The first two images were created around World War II. The first image is of a typical fighter pilot getting out of a plane, possibly after a successful mission. The phrase "YOU give us the "fire", WE'LL give 'em hell!" intepellates the audience and asks for their attention. The ad isn't necessarily trying to get the audience to join the Air Force. It simply is asking the audience to support the troops. The pilot in this ad is very much an iconic force in many Air Force advertisements of the WWII era, as will be shown in the next image.
The second Air Force advertisement has a very similar fighter pilot and the typical World War II plane. This ad, unlike the first, is asking the audience to join the Air Force, as per the anchor phrase "Do Your Fighting with the Air Forces." This ad explicitly targets a young male audience through the anchorage in the bottom right hand corner, as well as the use of a male in the iconic fighter pilot role.
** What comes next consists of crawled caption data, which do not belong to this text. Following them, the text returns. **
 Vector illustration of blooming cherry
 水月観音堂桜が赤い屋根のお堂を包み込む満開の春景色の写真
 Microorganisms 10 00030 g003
The gendering of Air Force ads continued even after the World War II era, however the explicit use of gendered phrases was lessened, as will be shown by the next image.
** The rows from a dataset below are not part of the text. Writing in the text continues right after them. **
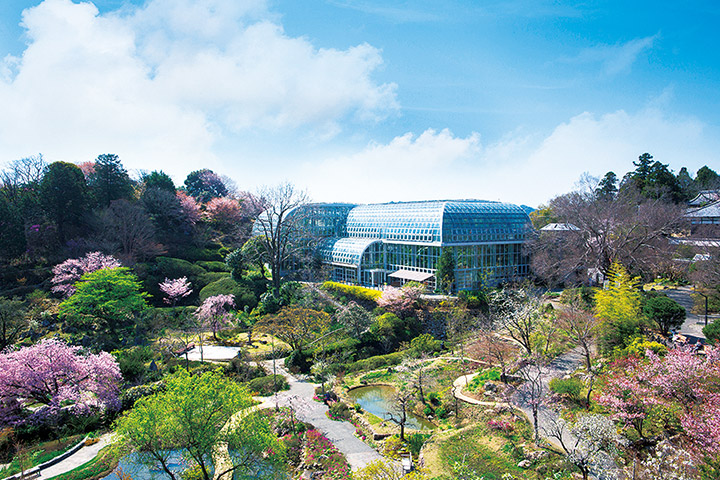 高知県立牧野植物園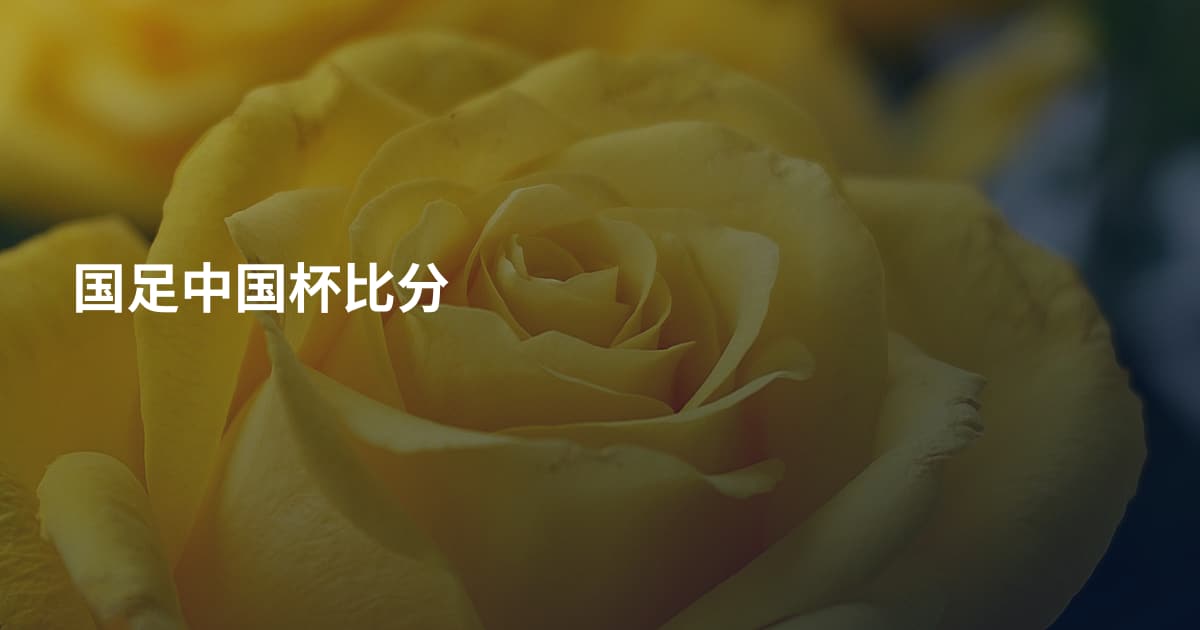 国足中国杯比分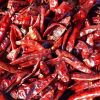 Dry Red Chilli in Jalgaon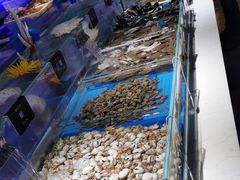 -加餐海鲜自助餐厅(福清万达店)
The next advertisement is a 1978 magazine page for the Air Force. Unlike the first two images, the focus isn't as much on the pilot as it is on the planes themselves, even naming the plane "The Eagle." Underneath the interpellative image, the ad tells a story through three other images. The first is of an air traffic controller who has cleared the plane for takeoff. The next is of two planes flying, likely to a mission based on the context of the images. Finally the last shows a pilot standing next to the plane with the anchorage "mission accomplished" at the bottom. Next to these images is a small article telling the reader that the Air Force is a "great way of life" and why it is. I found this interesting because it claims that all a reader must do to "get all the facts" is call the number at the bottom of the page. However, to an educated reader, the catch-22 of this is that the "facts" are being provided by the institutional apparatus that is the United States Air Force, therefore the regime of truth behind the so-called "facts" are only supported by the institute to which they belong.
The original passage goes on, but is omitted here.